Using Combined Access

Mapping to a Table

You saw in Chapter 2 that in the simplest case, mapping an entity to a table does not need any mapping annotations at all. Only the @Entity and @Id annotations need to be specified to create and map an entity to a database table.

In those cases, the default table name, which was just the unqualified name of the entity class, was perfectly suitable. If it happens that the default table name is not the name that you like, or if a suitable table that contains the state already exists in your database with a different name, you must specify the name of the table. You do this by annotating the entity class with the @Table annotation and including the name of the table using the name element. Many databases have terse names for tables. Listing 4-4 shows an entity that is mapped to a table that has a name that’s different from its class name.
@Entity
@Table(name="EMP")
public class Employee { ... }
Listing 4-4

Overriding the Default Table Name

Tip

Default names are not specified to be either uppercase or lowercase. Most databases are not case-sensitive, so it won’t generally matter whether a vendor uses the case of the entity name or converts it to uppercase. In Chapter 10, we discuss how to delimit database identifiers when the database is set to be case-sensitive.
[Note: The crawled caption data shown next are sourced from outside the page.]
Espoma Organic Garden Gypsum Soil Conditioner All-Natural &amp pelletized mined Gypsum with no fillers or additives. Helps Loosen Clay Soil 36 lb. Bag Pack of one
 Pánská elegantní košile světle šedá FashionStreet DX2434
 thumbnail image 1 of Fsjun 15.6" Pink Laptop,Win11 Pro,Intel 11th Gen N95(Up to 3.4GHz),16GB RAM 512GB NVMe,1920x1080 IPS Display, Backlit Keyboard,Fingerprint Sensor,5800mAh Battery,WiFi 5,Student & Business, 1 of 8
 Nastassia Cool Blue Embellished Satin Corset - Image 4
The @Table annotation provides the ability to not only name the table that the entity state is being stored in but also to name a database schema or catalog. The schema name is commonly used to differentiate one set of tables from another and is indicated by using the schema element. Listing 4-5 shows an Employee entity that is mapped to the EMP table in the HR schema.
@Entity
@Table(name="EMP", schema="HR")
public class Employee { ... }
Listing 4-5

Setting a Schema

When specified, the schema name will be prepended to the table name when the persistence provider goes to the database to access the table. In this case, the HR schema will be prepended to the EMP table each time the table is accessed.

Tip

Some vendors might allow the schema to be included in the name element of the table without having to specify the schema element, such as in @Table(name="HR.EMP"). Support for inlining the name of the schema with the table name is nonstandard.
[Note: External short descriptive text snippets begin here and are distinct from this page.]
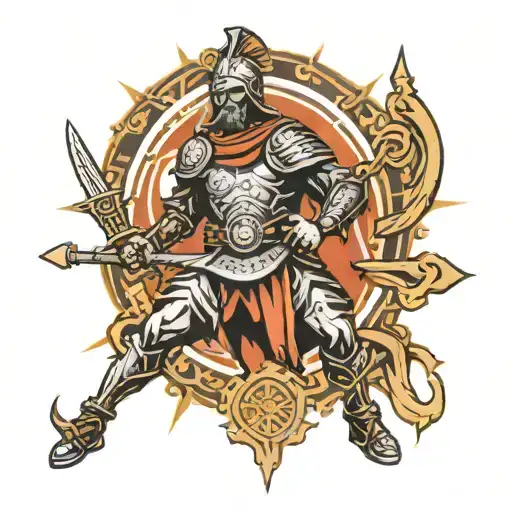 warrior and the medal of st benedict tattoo design idea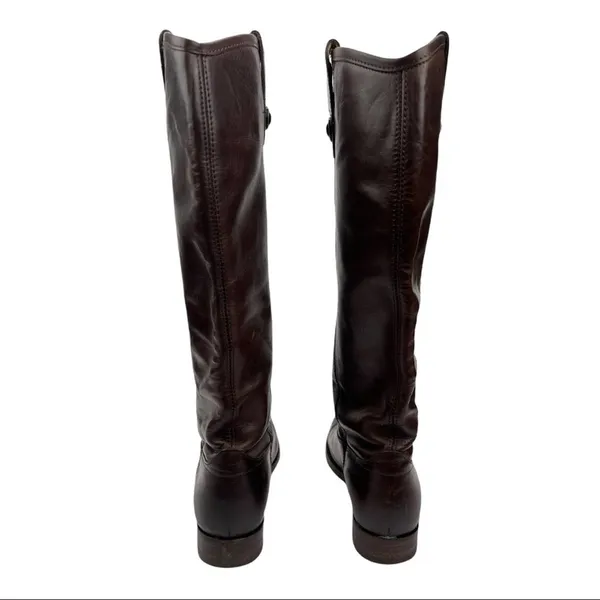 Frye Dark Brown Leather Melissa Western Tall Riding Boots Size 5.5 Style 77167 - Image 16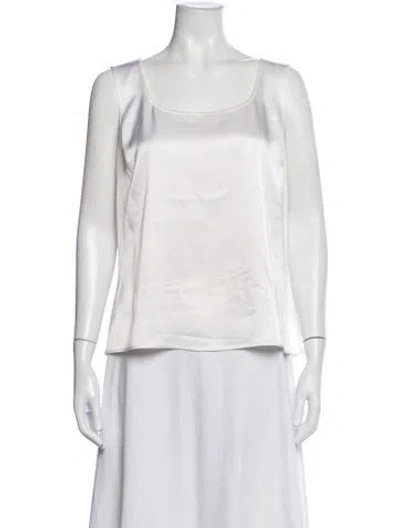 Pre-owned St. John Caviar Square Neckline Sleeveless Top In White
Some databases support the notion of a catalog. For these databases, the catalog element of the @Table annotation can be specified. Listing 4-6 shows a catalog being explicitly set for the EMP table.
@Entity
@Table(name="EMP", catalog="HR")
public class Employee { ... }
Listing 4-6

Setting a Catalog

Mapping Simple Types

Simple Java types are mapped as part of the immediate state of an entity in its fields or properties. The list of persistable types is quite lengthy and includes pretty much every built-in type that you would want to persist. They include the following:
  • Primitive Java types: byte, int, short, long, boolean, char, float, and double

  • Wrapper classes of primitive Java types: Byte, Integer, Short, Long, Boolean, Character, Float, and Double

  • Byte and character array types: byte[], Byte[], char[], and Character[]
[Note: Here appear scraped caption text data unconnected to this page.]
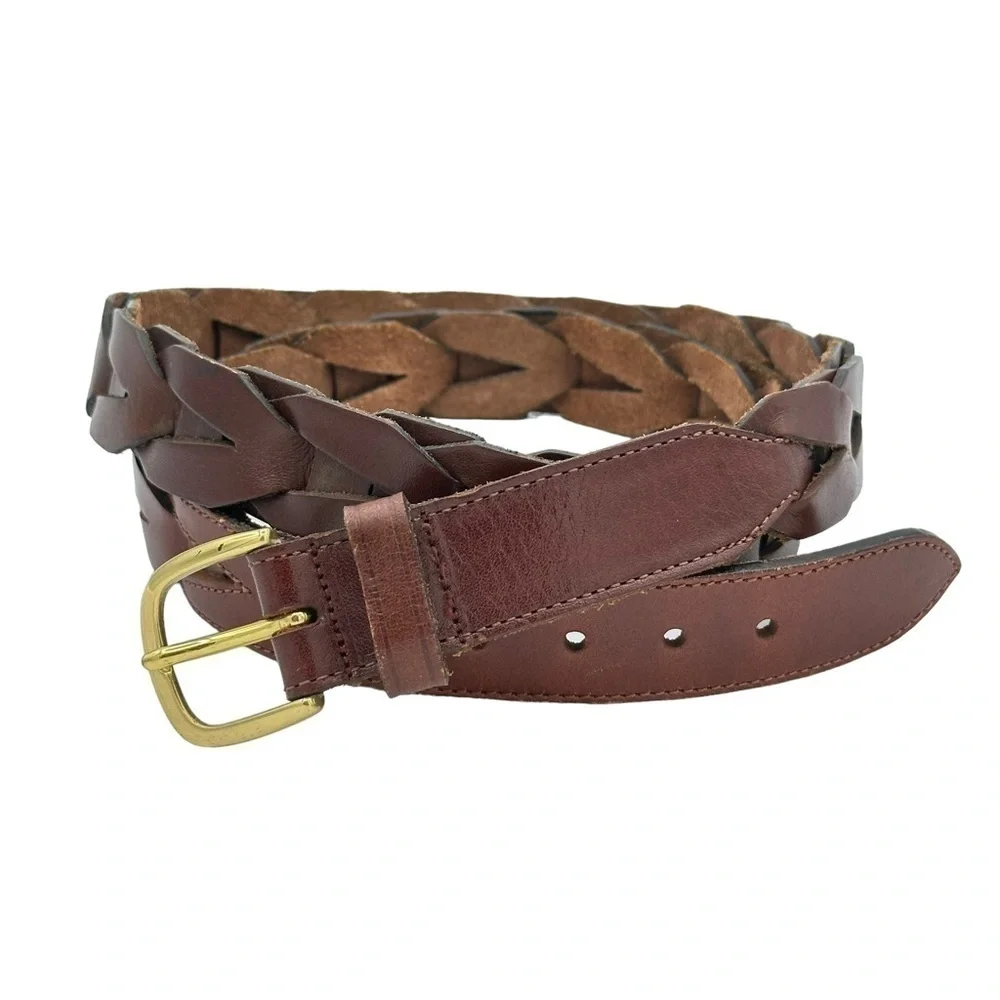 Brown Braided Woven‎ Leather Belt With Brass Buckle Size Medium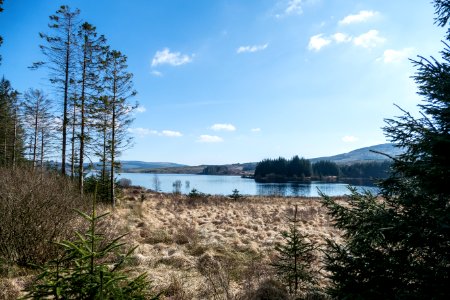 First glimpse of Clatteringshaws from Southern Upland Way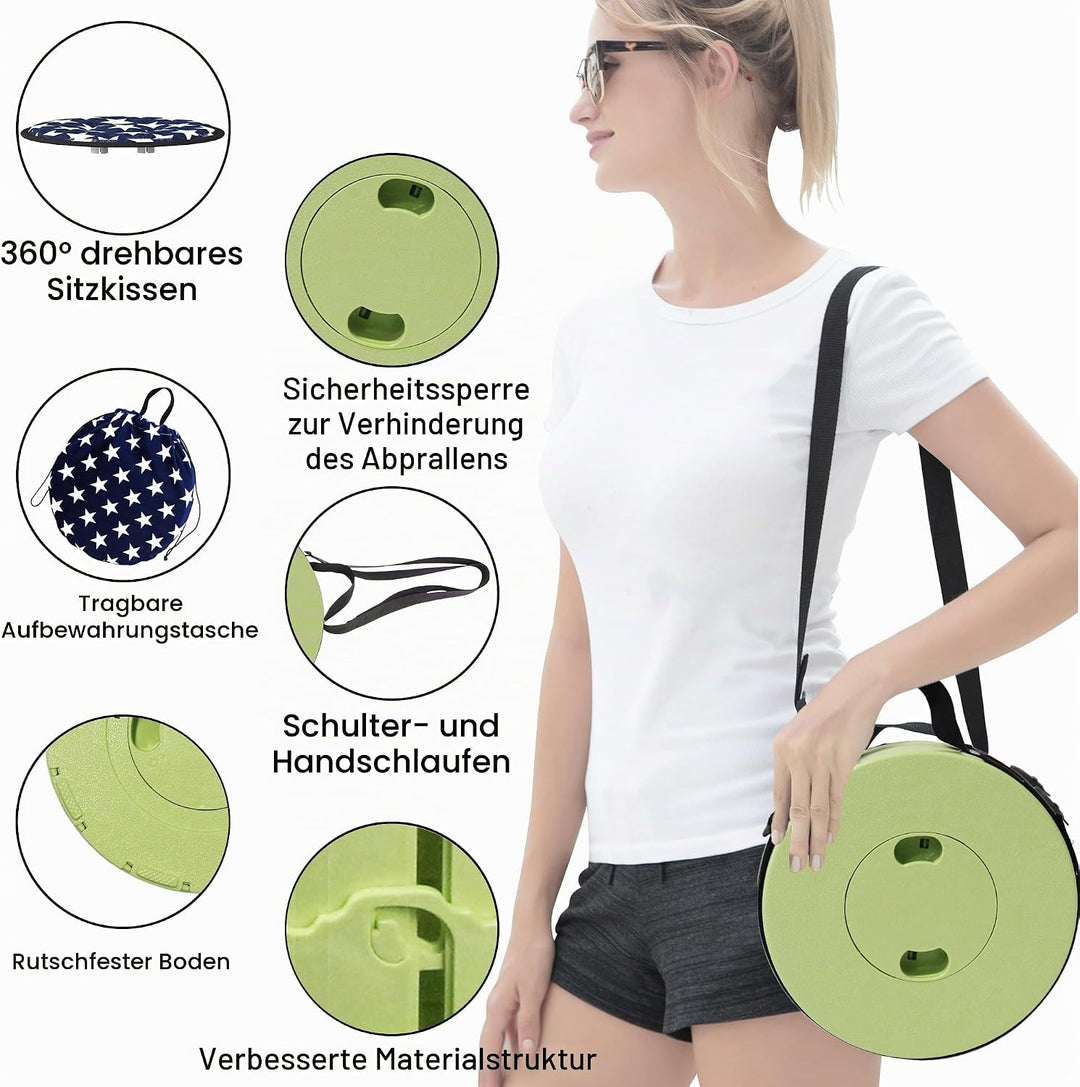 ALEVMOOM Tragbarer Klapphocker mit Kissen,Camping Hocker Teleskophocker,Klappbarer Hocker,Mini Leich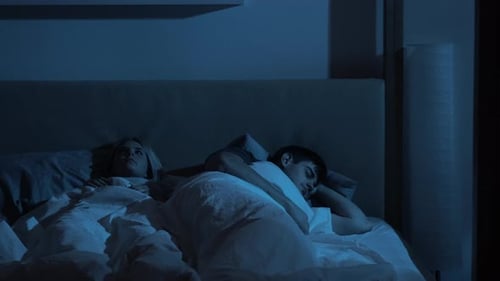 Night Insomnia Woman Annoyed Snoring Husband Bed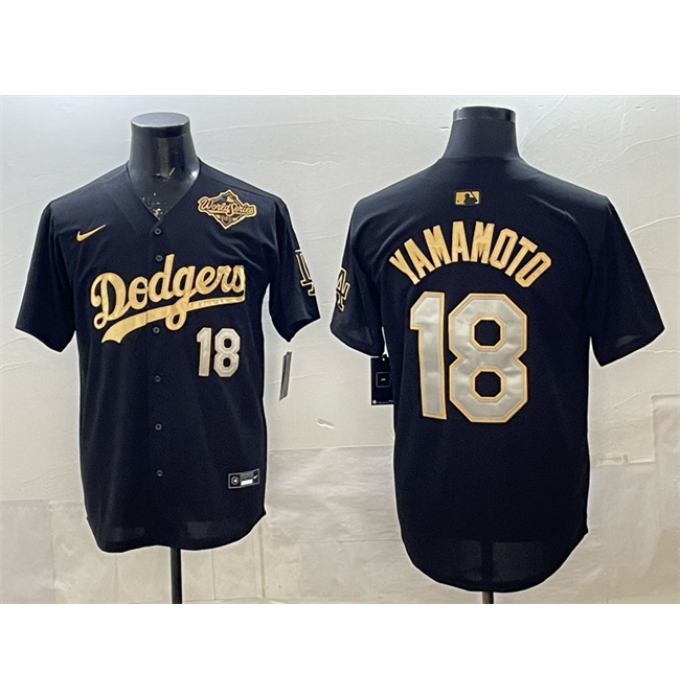 Men's Los Angeles Dodgers #18 Yoshinobu Yamamoto Black Gold 2025 World Series Limited Stitched Baseball Jersey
  • Large numeric types: java.math.BigInteger and java.math.BigDecimal

  • Strings: java.lang.String

  • Java temporal types: java.util.Date and java.util.Calendar

  • JDBC temporal types: java.sql.Date, java.sql.Time, and java.sql.Timestamp

  • Enumerated types: Any system or user-defined enumerated type

  • Serializable objects: Any system or user-defined serializable type

Sometimes the type of the database column being mapped to is not exactly the same as the Java type. In almost all cases, the provider runtime can convert the type returned by JDBC into the correct Java type of the attribute. If the type from the JDBC layer cannot be converted to the Java type of the field or property, an exception will normally be thrown, although it is not guaranteed.

Tip

When the persistent type does not match the JDBC type, some providers might choose to take proprietary action or make a best guess to convert between the two. In other cases, the JDBC driver might be performing the conversion on its own.

When persisting a field or property, the provider looks at the type and ensures that it is one of the persistable types listed earlier. If it is on the list, the provider will persist it using the appropriate JDBC type and pass it through to the JDBC driver. At that point, if the field or property is not serializable, the result is unspecified. The provider might choose to throw an exception or just try to pass the object through to JDBC. You will see in Chapter 10 how converters can be used to extend the list of types that can be persisted in Jakarta Persistence.

An optional @Basic annotation can be placed on a field or property to explicitly mark it as being persistent. This annotation is mostly for documentation purposes and is not required for the field or property to be persistent. If it is not there, then it is implicitly assumed in the absence of any other mapping annotation. Because of the annotation, mappings of simple types are called basic mappings, whether the @Basic annotation is actually present or is just being assumed.

Note

Now that you have seen how you can persist either fields or properties and how they are virtually equivalent in terms of persistence, we will just call them attributes. An attribute is a field or property of a class, and we will use the term attribute from now on to avoid having to continually refer to fields or properties in specific terms.

Column Mappings

The @Basic annotation (or assumed basic mapping in its absence) can be thought of as a logical indication that a given attribute is persistent. The physical annotation that is the companion annotation to the basic mapping is the @Column annotation. Specifying @Column on the attribute indicates specific characteristics of the physical database column that the object model is less concerned about. In fact, the object model might never even need to know to which column it is mapped, and the column name and physical mapping metadata can be located in a separate XML file.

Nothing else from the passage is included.